Many still receive money from their parents to pay for bills, groceries, rent and tuition, while others live at home. Young adults are considered financially independent if their income is 150% or more of the poverty level for a one-person household. In 2018, that threshold was $19,128.

“More young people are going to college these days, and that may slow their entry into the workforce and cause some to remain financially dependent on their parents,” said Kim Parker, Pew’s director of social trends research. “Other factors include rising college debt and rising housing costs.”

BOSTON, MA: Gabriel Howson, 22, a recent college graduate, lives with his mother Monica Beato-Howson at her home in the Dorchester neighborhood of Boston. (Photo: Barry Chin/The Boston Globe via Getty Images)

By the time they approach their 30th birthdays, young adults are nearly on track financially as previous generations, though. Last year, 47% of all young adults between 18 and 29 were financially independent, only slightly less than 50% in 1980.

Reasons for delayed independence

Young adults now are taking more time to manage their finances because they’re staying in school longer and getting married later. More live in their parents’ homes in their 20s and early 30s compared with earlier generations

But they’re not necessarily poor money managers, said Erika Safran, a financial advisor at Safran Wealth Advisors.

Financial support from parents to young adult children is most often for household expenses


“I don't see young people being irresponsible with credit cards, or going out and buying things that they can't afford,” she said. “I see some circumstances that will prevent them from ever achieving certain goals, like the opportunity to buy a house.”

For example, some attended expensive colleges and, as a result, have piles of unaffordable student loans, making them more dependent on their parents, Safran said.

Others took jobs after college that didn’t pay enough to support all of their living expenses.

“In the aftermath of the Great Recession, the job market was particularly challenging for young adults,” Parker said.

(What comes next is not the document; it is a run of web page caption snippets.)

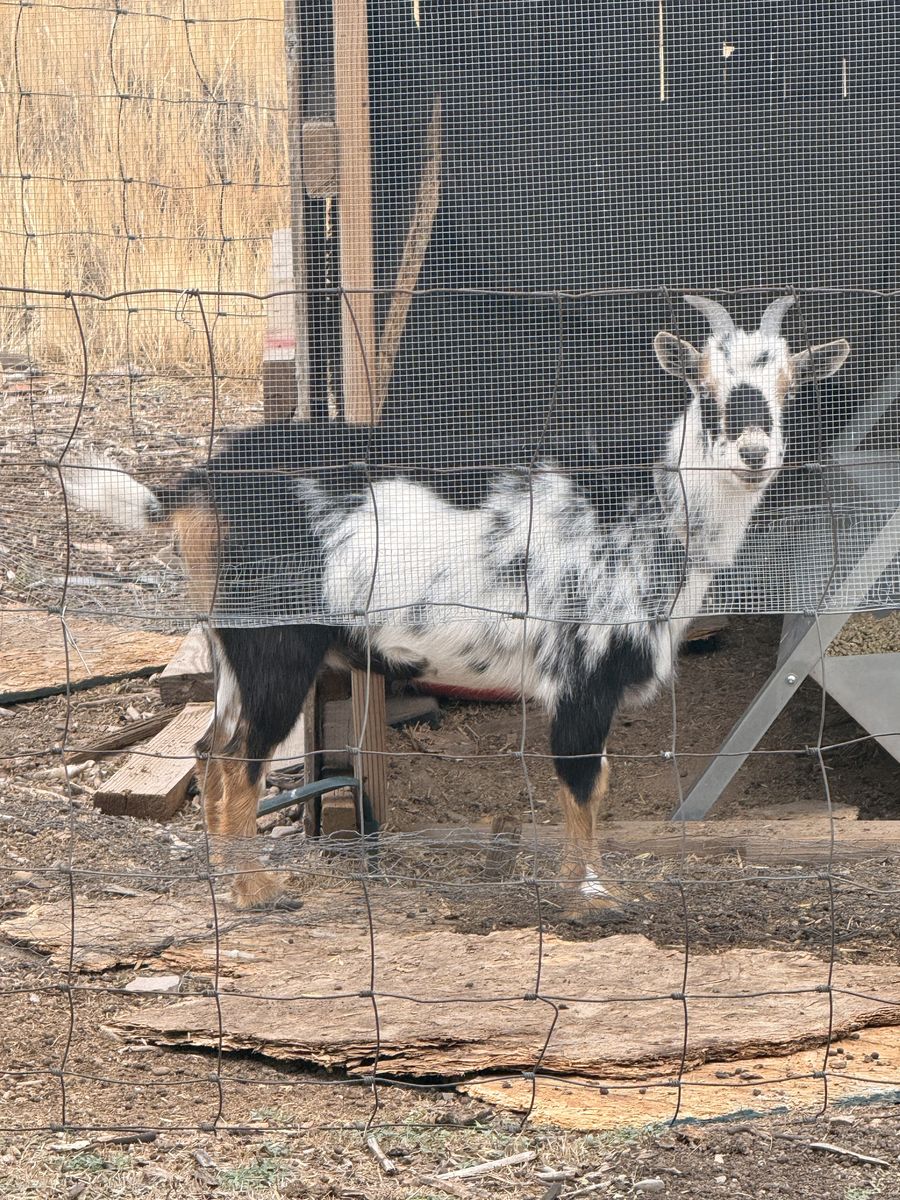 2 female goats for sale 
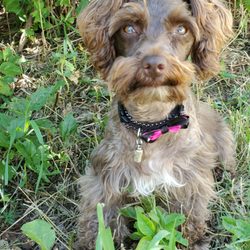 American Dog Breeders Association - Looking for a toy male schnauzer  to breed with my year and 1/2 old toy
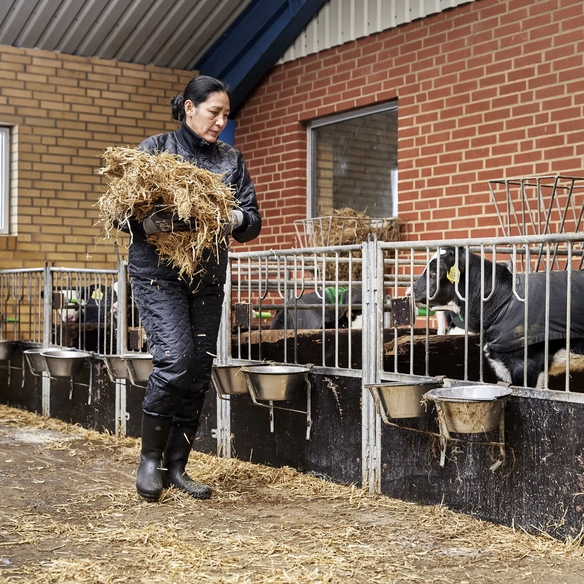 ELKA-Workwear, Kälte-Schutz, Damen-Thermo-Arbeits-Bund-Hose, Thermo und Faserpelz, 200g/m², schwarz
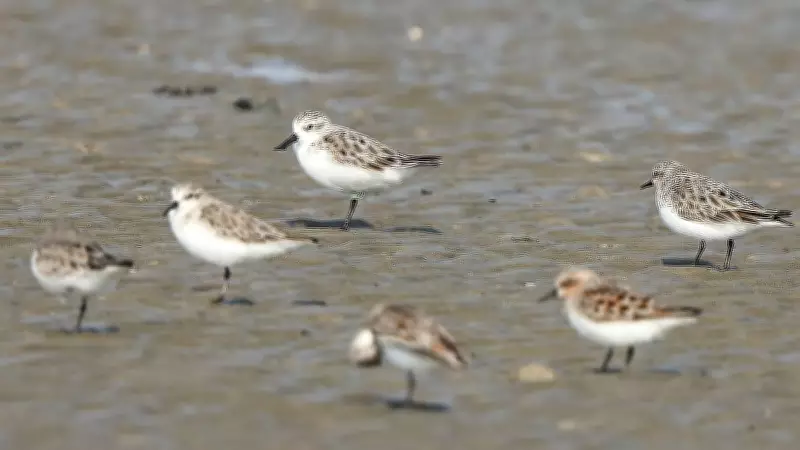 Bar-tailed Godwit's Epic 8,000 km Non-stop Flight from Alaska to Australia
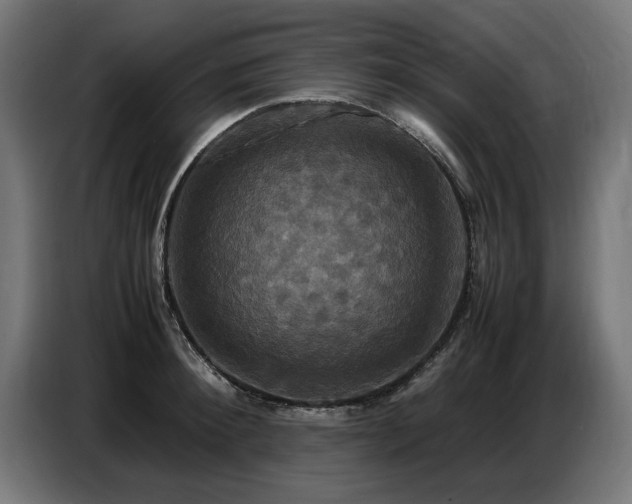 X0000087710900200705041056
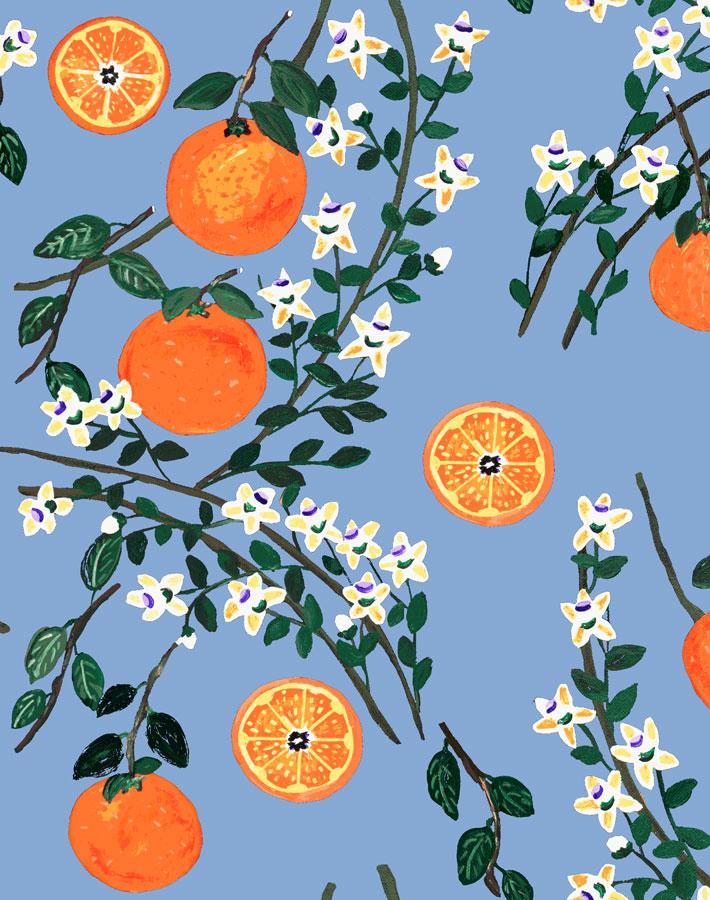 Arance Dolci - Blue Wallpaper by Carly Beck - Wallshoppe Removable & Traditional Wallpaper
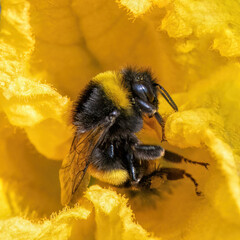 bumblebee in a yellow zucchini flower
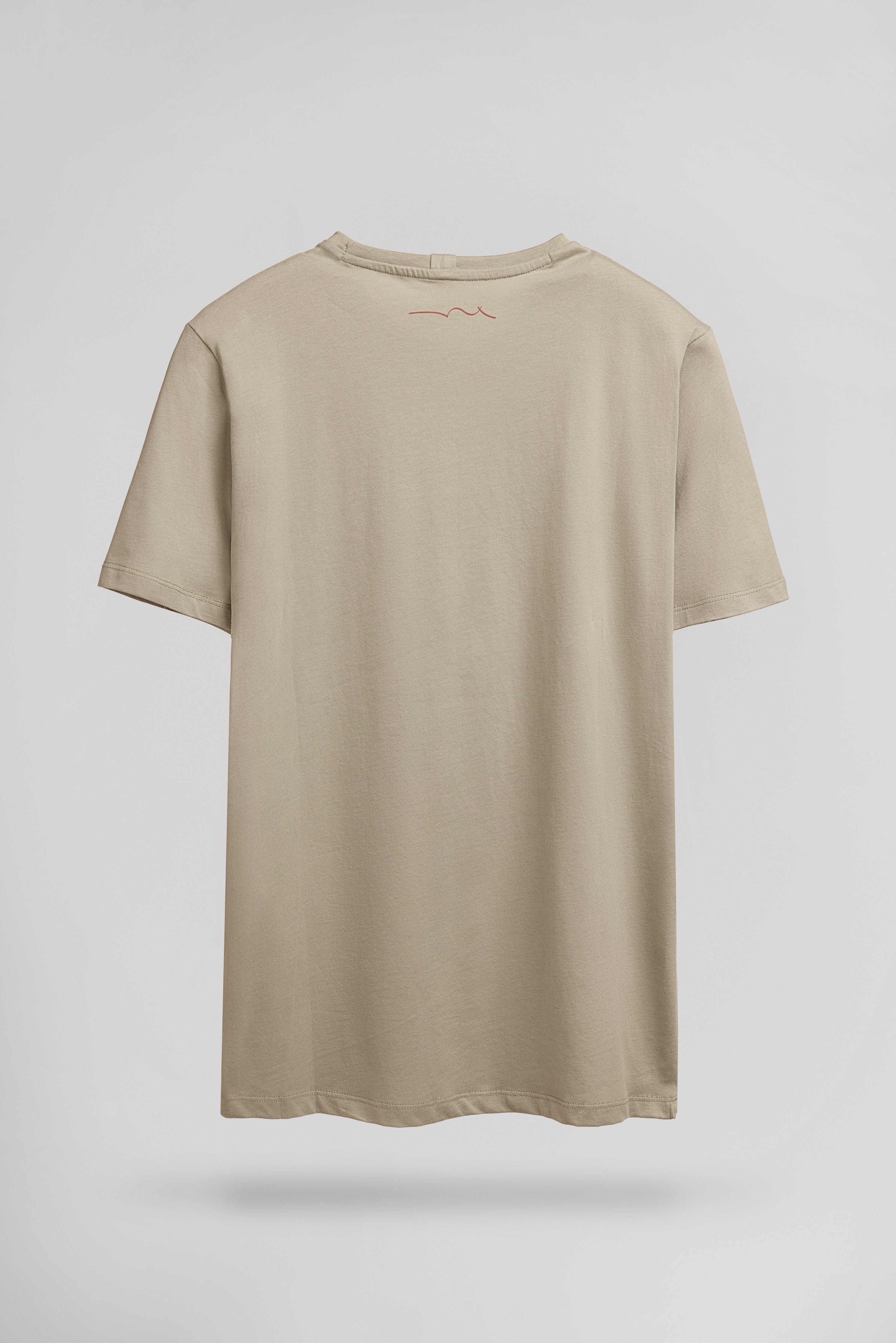 Teddy Smith T-Soy 2 T-shirt homme kaki uni coton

Financial independence by gender

There’s a gender imbalance, too, when it comes to financial independence from parents. While more men have reached that milestone compared with women, the gap has narrowed substantially since 1980.

Last year, 52% of men between 18 and 29 were financially autonomous, down from 63% in 1980. Young men without a college degree, in particular, are struggling. This group is most likely to live with their parents and suffer from stagnant wages and unemployment since the Great Recession, the study said.


Young men are more likely to be financially independent than young women, but gender gap has narrowed


Young women, however, are showing gains in financial independence, demonstrating the strides they’ve made in higher education and employment. In 2018, 42% of women between 18 and 29 were considered financially independent, up from 38% in 1980.

The study noted that more women between 25 and 29 have bachelor’s degrees or higher compared with men of the same age. The median earnings of women, while lower overall than men, increased 36% since 1980. Men’s wages grew only 1.3% in that same time.

Women also have nearly closed the employment gap. Last year, 65% of young women had jobs, up from 59% in 1980. That compares with 69% of men last year, down from 75% in 1980.